**EXERCISE OBJECTIVE:** After locating the line with "japan map. asia" in the entries below, set down exactly that line and each one after it to the end, skipping pictures.

**MATERIAL FOR THIS EXERCISE:**
►

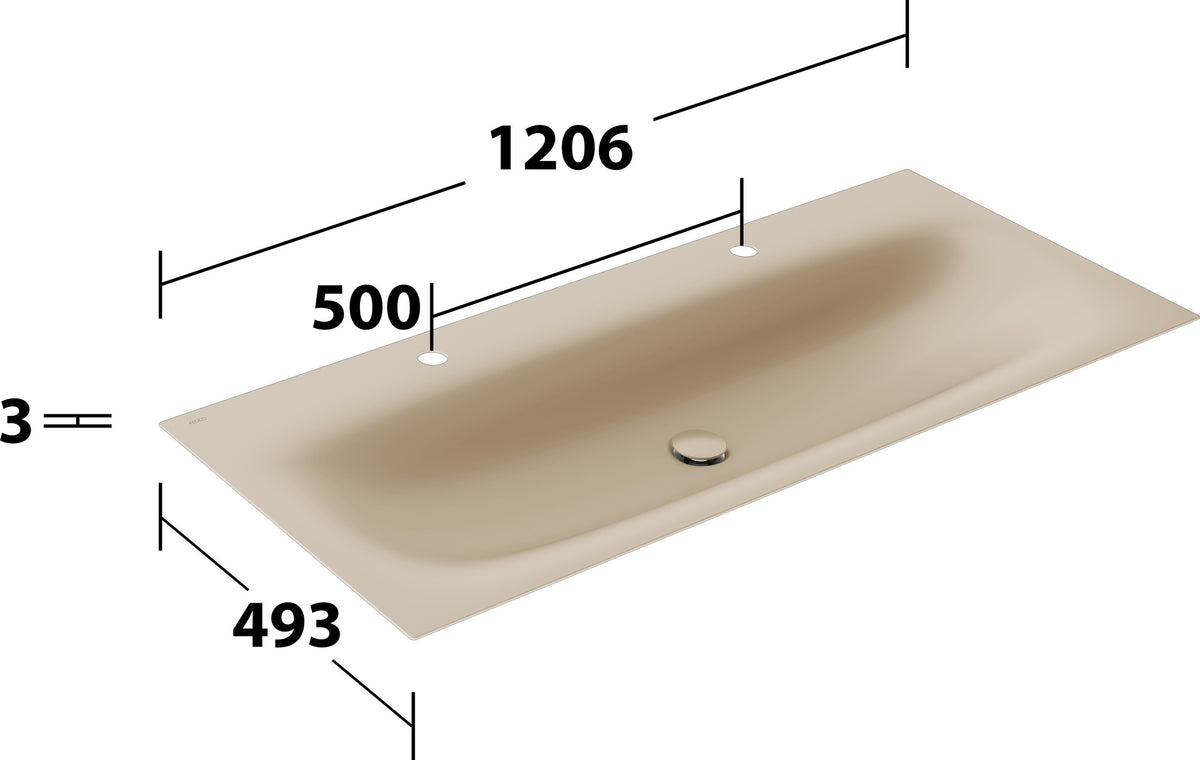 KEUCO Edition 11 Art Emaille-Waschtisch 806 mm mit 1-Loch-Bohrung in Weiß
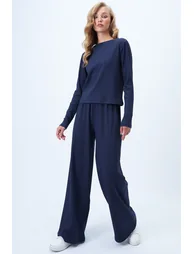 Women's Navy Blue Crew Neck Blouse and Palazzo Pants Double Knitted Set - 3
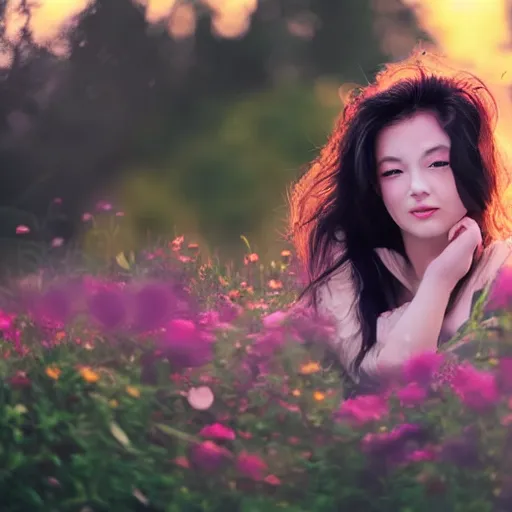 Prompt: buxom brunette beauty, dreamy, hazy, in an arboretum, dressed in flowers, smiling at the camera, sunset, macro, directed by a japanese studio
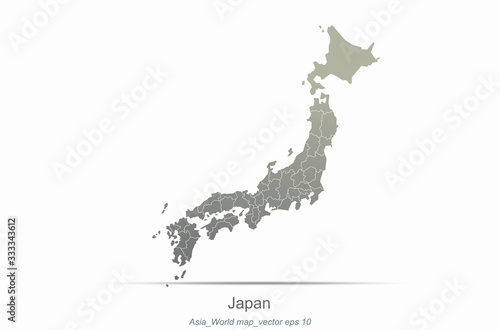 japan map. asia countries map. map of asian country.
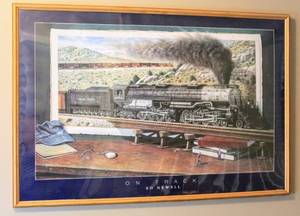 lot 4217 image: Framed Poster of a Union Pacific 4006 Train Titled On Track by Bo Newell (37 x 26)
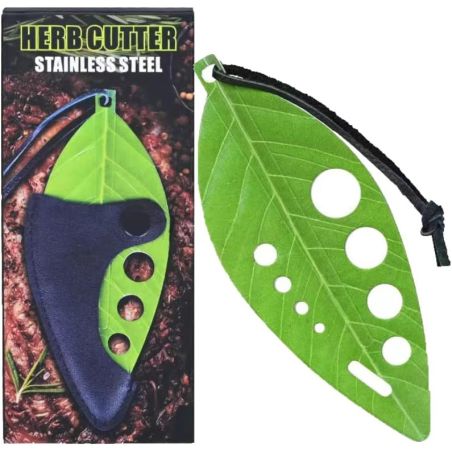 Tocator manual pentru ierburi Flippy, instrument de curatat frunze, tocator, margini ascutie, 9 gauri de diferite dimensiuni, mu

◄

**OUTPUT OF THE TASK:**
 japan map. asia countries map. map of asian country.
 lot 4217 image: Framed Poster of a Union Pacific 4006 Train Titled On Track by Bo Newell (37 x 26)
 Tocator manual pentru ierburi Flippy, instrument de curatat frunze, tocator, margini ascutie, 9 gauri de diferite dimensiuni, mu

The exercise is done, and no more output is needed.